Lodario Ramón

Personal information
- Full name: Lodario Ramón Ramón
- Born: 1954 (age 71–72) Fresnedelo, Cáceres, Spain

Sport
- Country: Spain
- Sport: Powerlifting

= Lodario Ramón =

Spanish Paralympic coach (born 1954)

Lodario Ramón Ramón (born 1954) is a weightlifter and powerlifting coach from Spain. He has coached the Spain national team at the 2004, 2008 and 2012 Summer Paralympics.

== Personal ==
Ramón was born in Fresnedelo, Cáceres. Later, he moved to Asturias. While in high school, he participated in gymnastics. Around that time, he moved to Ponferrada. In 1985, he moved to Oviedo.

== Powerlifting ==
Ramón first became interested in gyms and weightlifting after reading about them in a magazine. Following his move to Ponferrada, he talked to a bodybuilder named Campillo who encouraged him to try weightlifting. On his first attempt, he was able to lift 65 kilograms. A coach named Tito saw him and recruited him. After three months of training, he was able to lift 100 kilograms and was able to become the local champion in Castilla and León. He is a Spanish champion in the sport. Later, he took a course to become trained as a coach and trained ten weightlifters for three years. He has been described as the best powerlifting coach in Spain.
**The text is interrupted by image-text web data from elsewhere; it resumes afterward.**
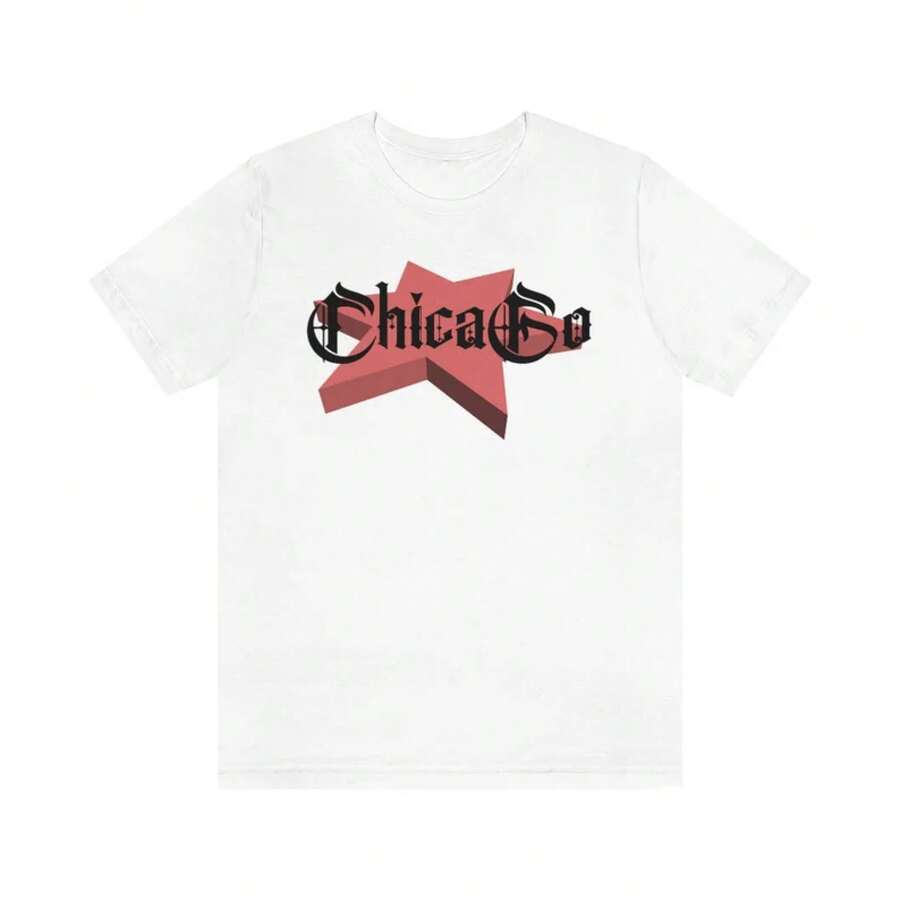 Camiseta ChicaGo, Ciudad de Chicago, Chi-Town, Jungla Urbana, Regalo para Él y Ella, Moda de Aventura, Camiseta Única de la Vida Urbana. - Blanco - Ver 1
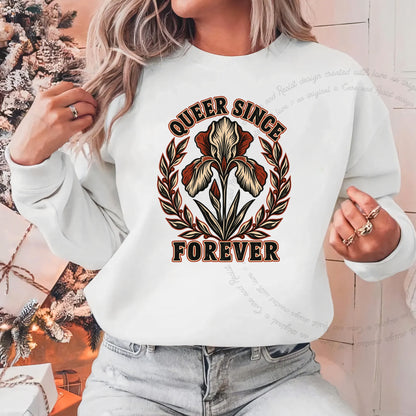 Queer Since Forever Iris Linocut Care & Resist Gildan crewneck sweatshirt in White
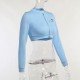  2024 Pure Color Zipper Crop T-shirt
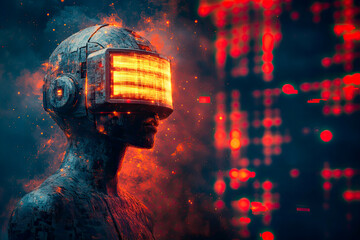Poster - A striking cybernetic figure wearing a luminous helmet, highlighting the symbiosis of advanced technology with human-like contours and ethereal energy in a digital landscape.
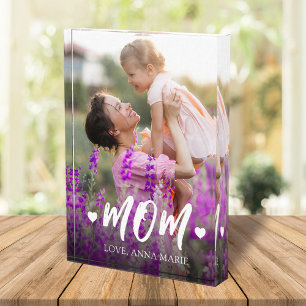 Cute Mom Typography Script Personalized Photo Block
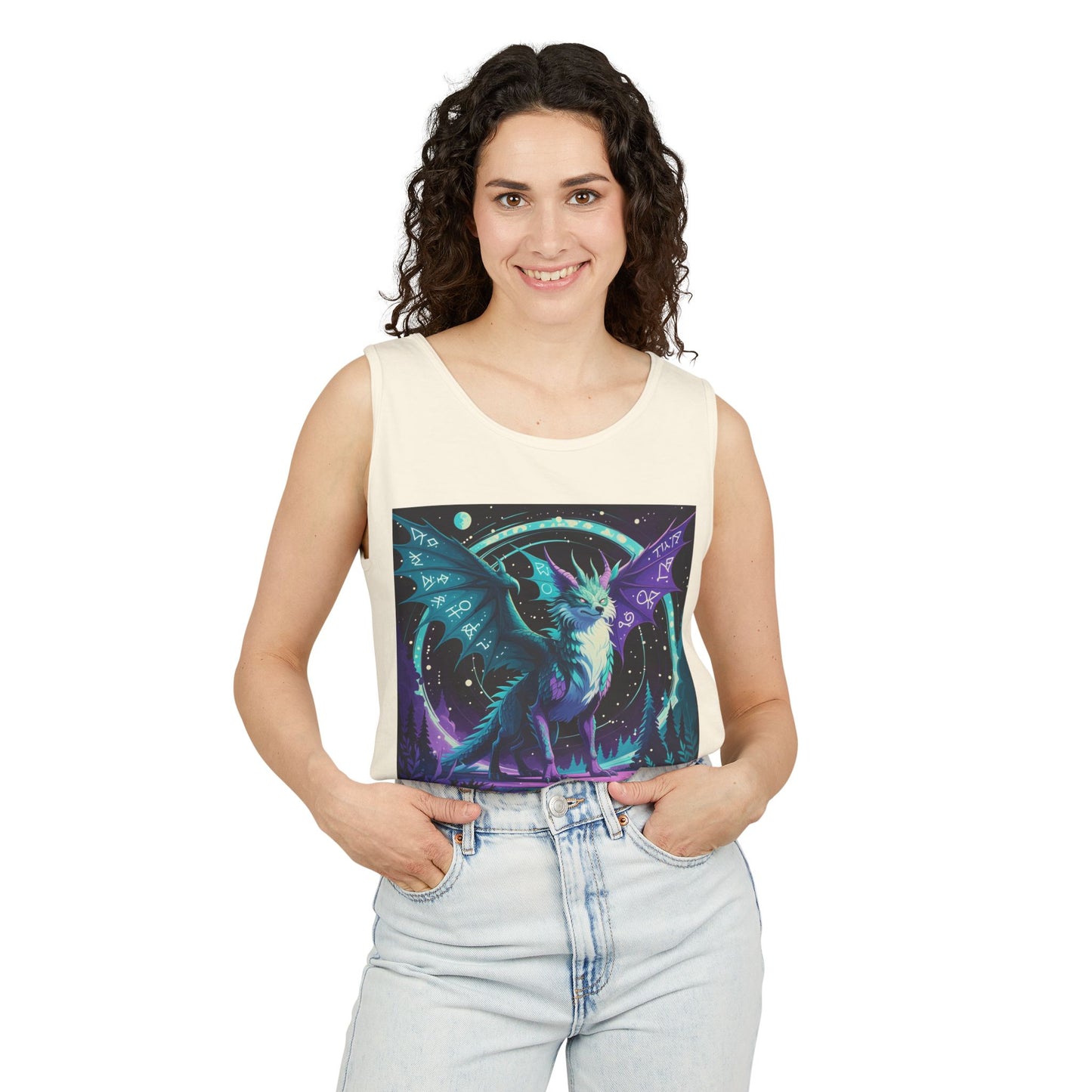 Mystical Dragon Graphic Unisex Tank Top - Perfect for Summer Festivals - Riff Raff Wear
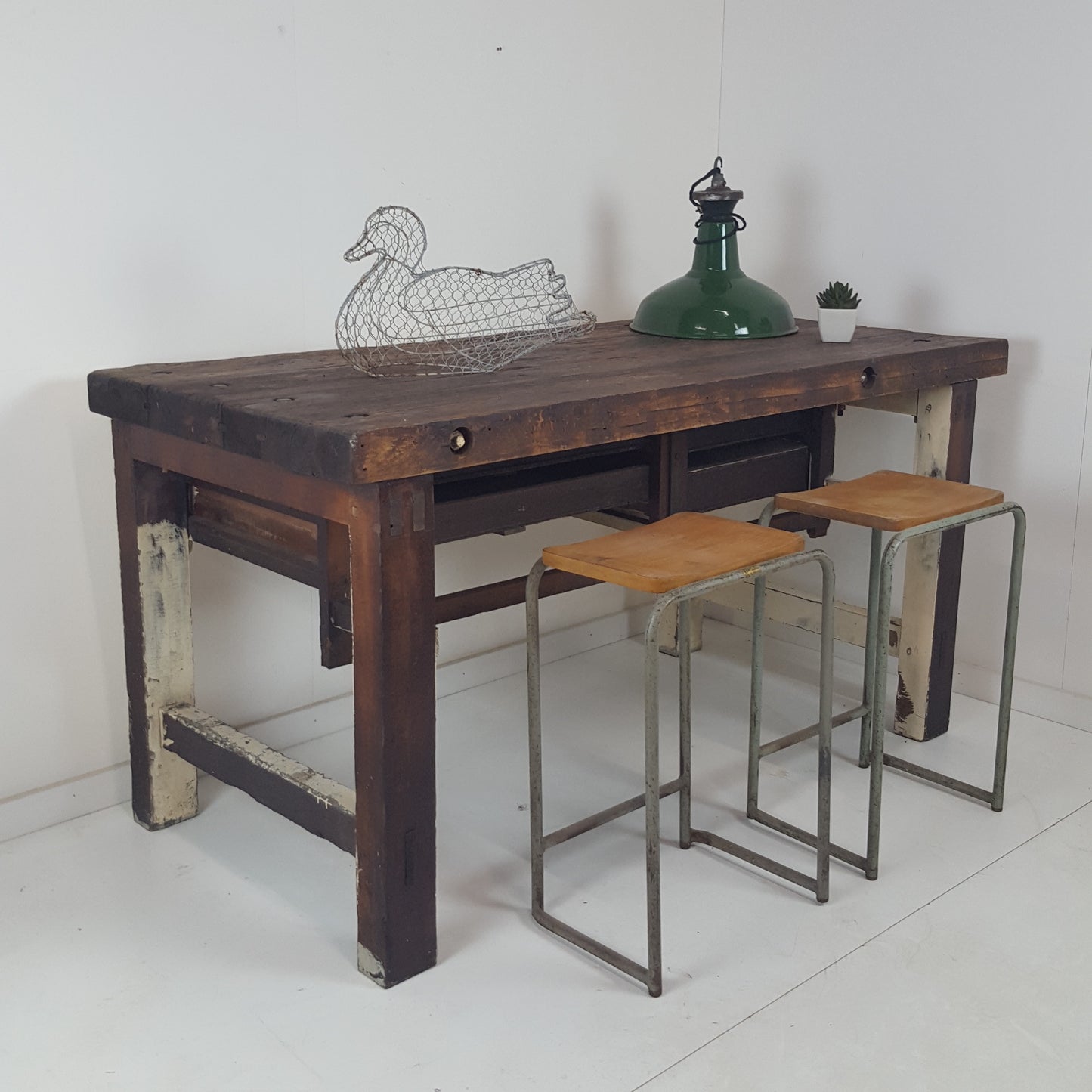 ENGLISH WORKBENCH / RUSTIC KITCHEN PREP ISLAND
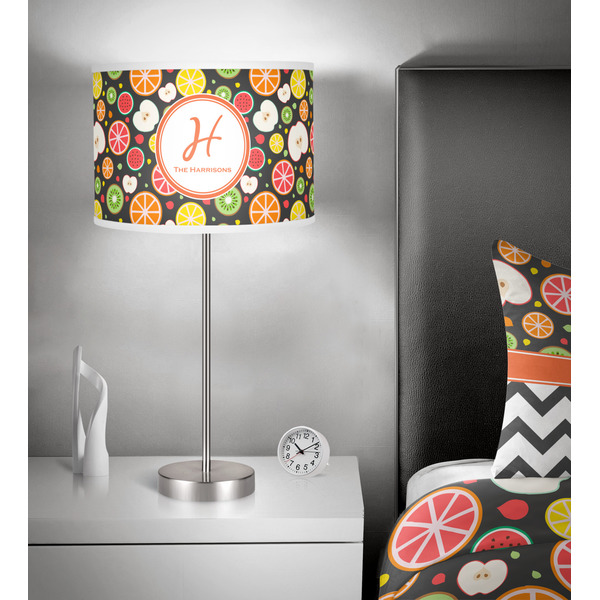 Apples & Oranges 13 inch drum lamp shade - in room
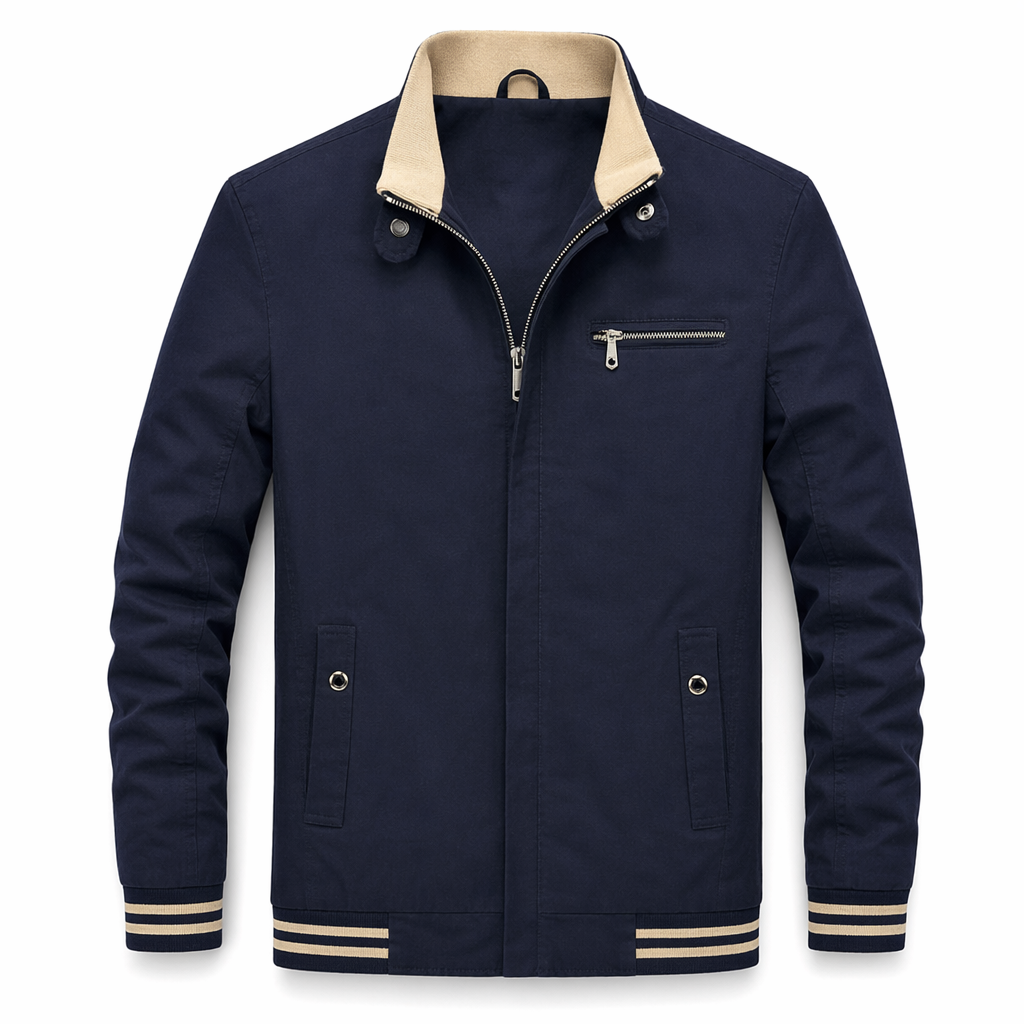 Navy Zip-Up Jacket with a Stylish Stand Collar for Men Default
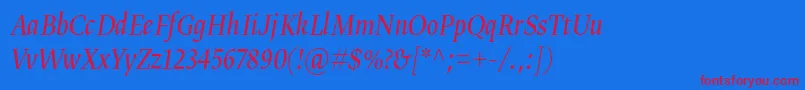 Gretadisnarproligita Font – Red Fonts on Blue Background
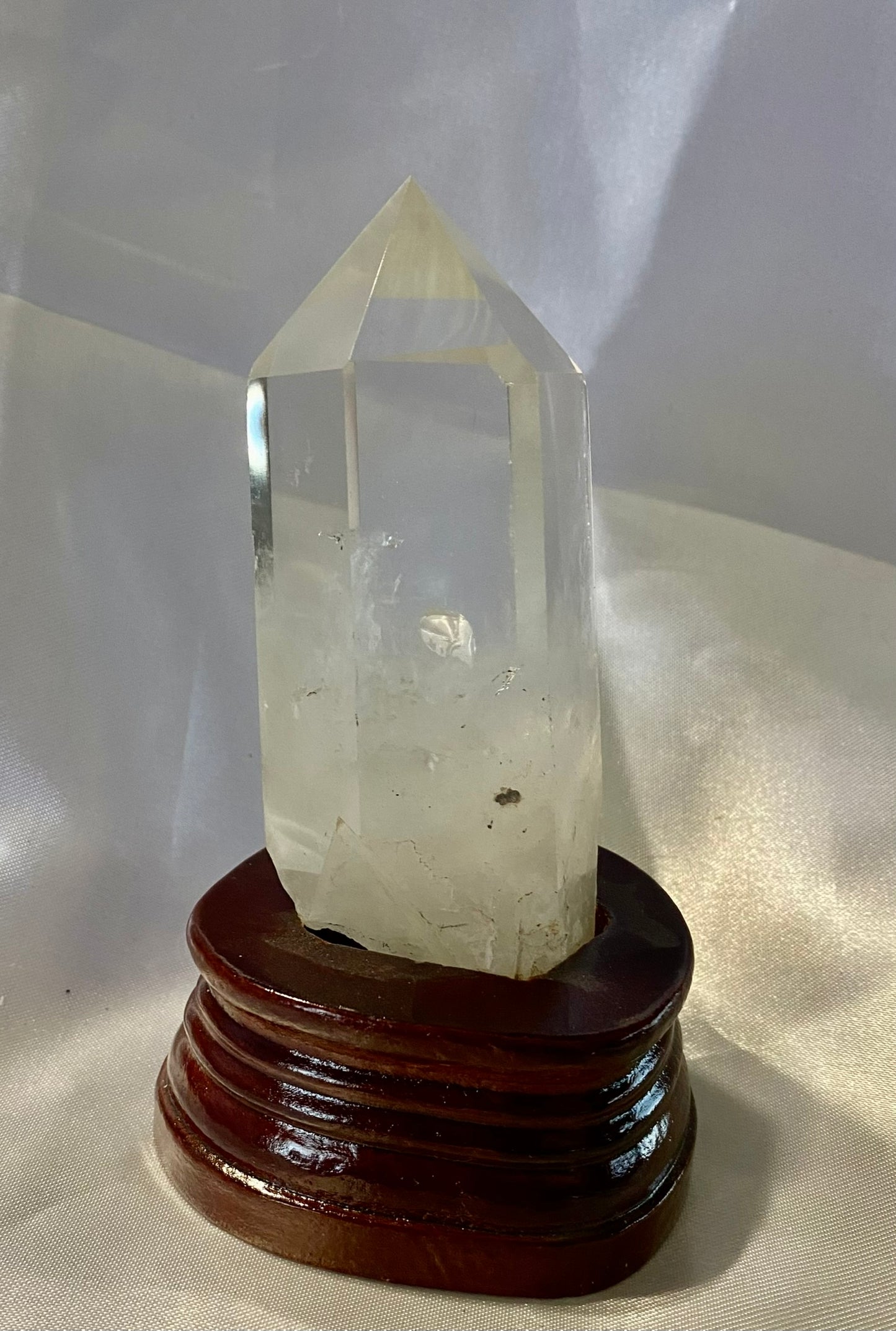 Clear Quartz Tower with Custom-Carved Wooden Stand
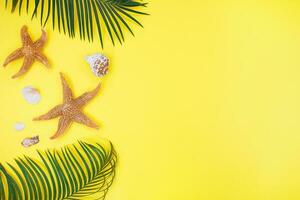 Summer minimal background with orange starfishes, shells and palm tree on yellow background. Aesthetic photography. Travel. Copy space photo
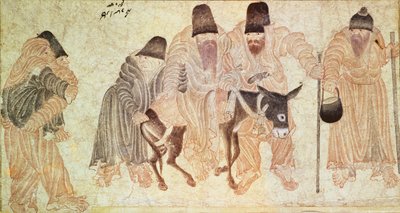 Mongolští nomádi s oslem (pergamen) od Artist Unknown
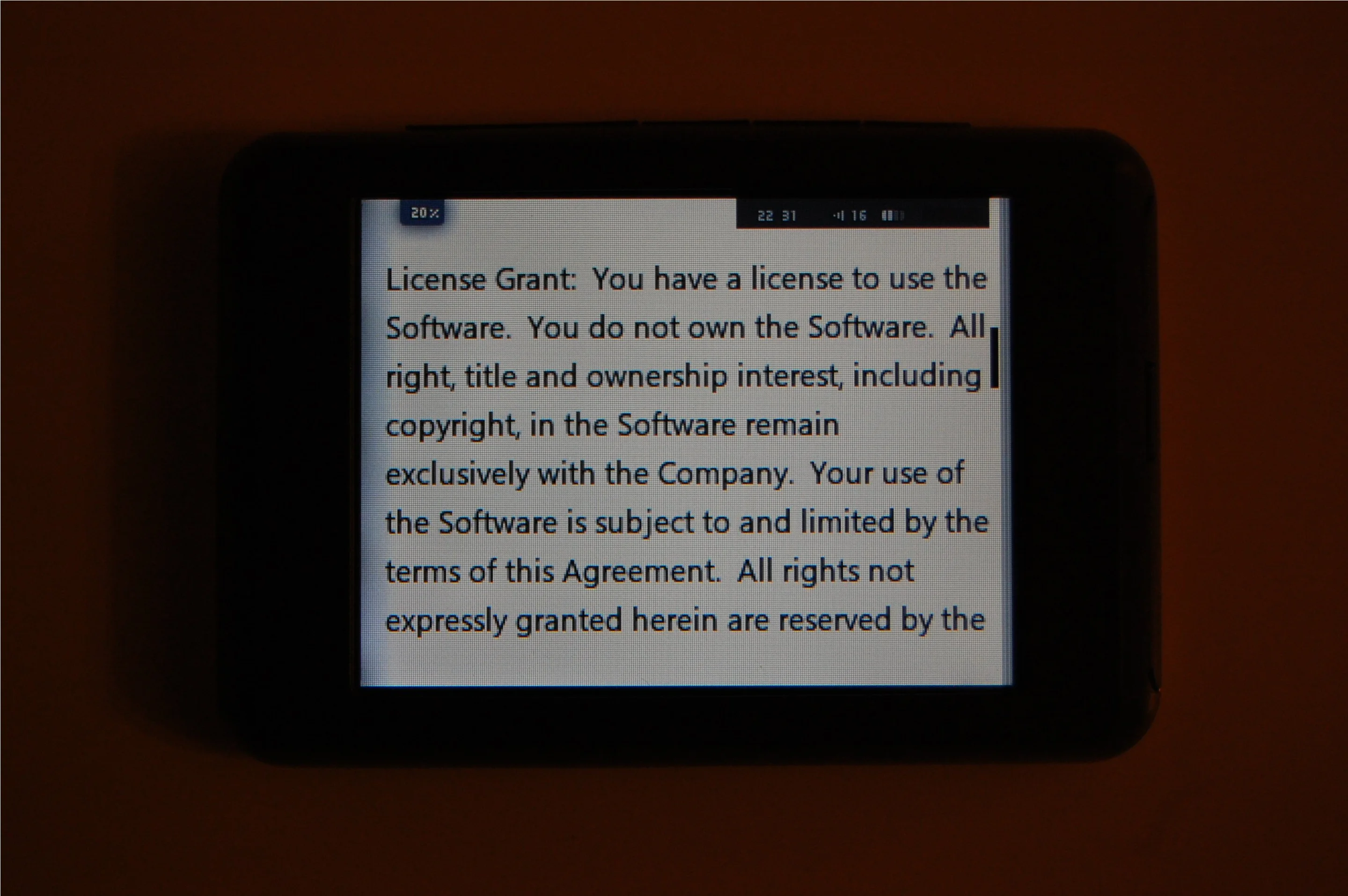 The simple text document viewer on the C2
Ramón was a coach for Spain at the 2004 Summer Paralympics. He was the coach for the Spain national team at the 2008 Games. He began coaching Loida Zabala Ollero in 2006, and helped her to finish in seventh place at the IPC European Championships in 2007. Zabala moved to train where Ramón lived. In 2008, Ramón coached Zabala at the Sports Palace (Palacio de los Deportes). He coached Zabala at the 2012 Summer Paralympics.